True interconnectedness will only be possible when the current lack of understanding of the services sector is addressed. Currently there is limited public awareness of the economic significance of services for economic development and relatively little advocacy to raise that awareness. Identifying and addressing the specific services choke points in GVCs that are impacting negatively on African country participation in value chains ultimately requires that fundamental framework issues such as the lack of focused policy planning tools, overly burdensome domestic regulatory regimes, and insufficient intergovernmental agency co-ordination, be addressed.

In order to boost the participation of African countries in the services aspects of GVC further background research should be conducted, particularly through case studies, in order to inform an active policy and regulatory dialogue. Also, technical assistance and capacity building in support of African nations should focus on improving the evidence base, raising awareness and disseminating research results. African governments should be directing policy attention to achieving efficiency gains in logistics services such as improved transportation, telecommunication and distribution infrastructure so as to facilitate cross-border trade in both goods and services. Regulatory regimes should also be examined for their appropriateness and strengthened where necessary.
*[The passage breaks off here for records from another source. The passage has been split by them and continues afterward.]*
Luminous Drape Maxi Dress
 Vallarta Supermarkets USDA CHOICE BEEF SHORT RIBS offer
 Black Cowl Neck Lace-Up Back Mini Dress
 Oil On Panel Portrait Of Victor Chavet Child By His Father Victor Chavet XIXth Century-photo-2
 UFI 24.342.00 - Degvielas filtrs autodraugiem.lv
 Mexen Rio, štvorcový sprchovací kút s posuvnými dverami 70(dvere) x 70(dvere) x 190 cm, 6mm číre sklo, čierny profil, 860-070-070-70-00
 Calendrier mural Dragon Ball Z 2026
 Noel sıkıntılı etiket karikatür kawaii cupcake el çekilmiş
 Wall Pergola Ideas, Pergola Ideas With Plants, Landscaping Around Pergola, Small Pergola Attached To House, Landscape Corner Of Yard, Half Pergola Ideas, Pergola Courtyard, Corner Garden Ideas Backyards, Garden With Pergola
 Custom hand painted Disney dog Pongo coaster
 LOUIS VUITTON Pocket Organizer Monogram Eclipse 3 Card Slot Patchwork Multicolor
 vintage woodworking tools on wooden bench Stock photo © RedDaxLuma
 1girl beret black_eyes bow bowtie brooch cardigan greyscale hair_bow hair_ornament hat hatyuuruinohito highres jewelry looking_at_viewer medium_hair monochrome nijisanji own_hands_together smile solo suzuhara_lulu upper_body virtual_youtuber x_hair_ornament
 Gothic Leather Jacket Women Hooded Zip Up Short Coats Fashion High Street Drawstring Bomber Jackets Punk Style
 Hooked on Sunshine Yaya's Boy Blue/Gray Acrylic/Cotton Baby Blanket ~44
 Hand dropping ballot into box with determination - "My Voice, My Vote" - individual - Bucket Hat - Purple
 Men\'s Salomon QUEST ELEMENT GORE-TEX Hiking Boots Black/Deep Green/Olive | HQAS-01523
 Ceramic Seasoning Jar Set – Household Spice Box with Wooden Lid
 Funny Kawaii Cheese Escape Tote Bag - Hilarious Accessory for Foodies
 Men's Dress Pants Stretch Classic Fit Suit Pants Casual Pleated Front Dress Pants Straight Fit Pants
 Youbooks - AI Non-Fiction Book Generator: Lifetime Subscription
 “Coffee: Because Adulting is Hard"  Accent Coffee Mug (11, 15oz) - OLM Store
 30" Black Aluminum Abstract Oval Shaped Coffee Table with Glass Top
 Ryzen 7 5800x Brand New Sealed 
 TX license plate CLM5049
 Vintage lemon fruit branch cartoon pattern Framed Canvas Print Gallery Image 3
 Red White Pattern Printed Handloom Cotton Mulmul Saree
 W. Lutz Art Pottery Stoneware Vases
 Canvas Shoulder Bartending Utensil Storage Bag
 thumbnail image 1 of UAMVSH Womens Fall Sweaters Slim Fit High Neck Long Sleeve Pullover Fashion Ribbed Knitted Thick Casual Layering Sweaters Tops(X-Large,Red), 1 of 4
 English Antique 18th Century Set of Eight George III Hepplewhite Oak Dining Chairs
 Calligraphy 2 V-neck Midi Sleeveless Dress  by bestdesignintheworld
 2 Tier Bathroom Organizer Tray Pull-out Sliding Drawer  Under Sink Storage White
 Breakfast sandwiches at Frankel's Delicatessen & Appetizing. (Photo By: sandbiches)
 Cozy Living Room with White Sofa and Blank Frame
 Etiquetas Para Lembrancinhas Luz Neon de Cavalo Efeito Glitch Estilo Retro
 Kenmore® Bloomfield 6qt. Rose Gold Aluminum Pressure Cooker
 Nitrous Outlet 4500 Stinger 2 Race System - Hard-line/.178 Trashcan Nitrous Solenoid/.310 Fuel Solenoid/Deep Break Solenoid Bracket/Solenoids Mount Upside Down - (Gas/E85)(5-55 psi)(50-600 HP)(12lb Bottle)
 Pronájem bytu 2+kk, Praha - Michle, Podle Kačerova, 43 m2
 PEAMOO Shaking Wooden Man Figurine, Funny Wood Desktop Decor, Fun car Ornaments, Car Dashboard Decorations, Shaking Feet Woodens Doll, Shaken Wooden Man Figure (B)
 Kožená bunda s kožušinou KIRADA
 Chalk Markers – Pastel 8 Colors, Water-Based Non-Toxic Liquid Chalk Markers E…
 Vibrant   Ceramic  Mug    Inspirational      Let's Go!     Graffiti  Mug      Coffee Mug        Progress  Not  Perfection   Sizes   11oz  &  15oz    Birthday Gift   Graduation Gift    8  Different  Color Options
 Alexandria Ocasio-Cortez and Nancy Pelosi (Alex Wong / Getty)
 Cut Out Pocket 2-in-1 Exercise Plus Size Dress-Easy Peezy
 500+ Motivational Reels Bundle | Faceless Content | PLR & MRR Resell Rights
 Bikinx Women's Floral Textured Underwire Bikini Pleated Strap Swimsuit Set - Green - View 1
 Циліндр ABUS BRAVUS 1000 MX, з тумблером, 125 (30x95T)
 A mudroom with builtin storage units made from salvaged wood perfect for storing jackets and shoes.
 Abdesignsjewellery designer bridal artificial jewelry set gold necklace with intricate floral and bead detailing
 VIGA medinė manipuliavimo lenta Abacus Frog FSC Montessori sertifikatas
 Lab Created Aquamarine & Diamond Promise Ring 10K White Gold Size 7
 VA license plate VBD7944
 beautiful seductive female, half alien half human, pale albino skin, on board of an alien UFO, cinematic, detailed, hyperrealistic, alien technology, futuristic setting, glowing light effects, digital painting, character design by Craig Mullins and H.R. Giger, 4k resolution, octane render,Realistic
International capacity building efforts should be directed to identifying and leveraging the factors that impact on services competitiveness overall as well as in individual prospective services growth sectors in tandem with trade policy reform. Lastly, African donor countries should partner with trade-related international organisations to showcase best practice methods and tools for services export promotion.

Sherry Stephenson is a Senior Fellow at the ICTSD and Jane Drake Brockman is Senior Services Adviser at the ITC, Geneva.

This article is published under Bridges Africa, Volume 4 - Number 1 by the International Centre for Trade and Sustainable Development.

It is based on the following report: ‘The Services Trade Dimension of Global Value Chain: Policy Implications for Commonwealth Developing Countries and Small States’, The Commonwealth Secretariat, December 2014.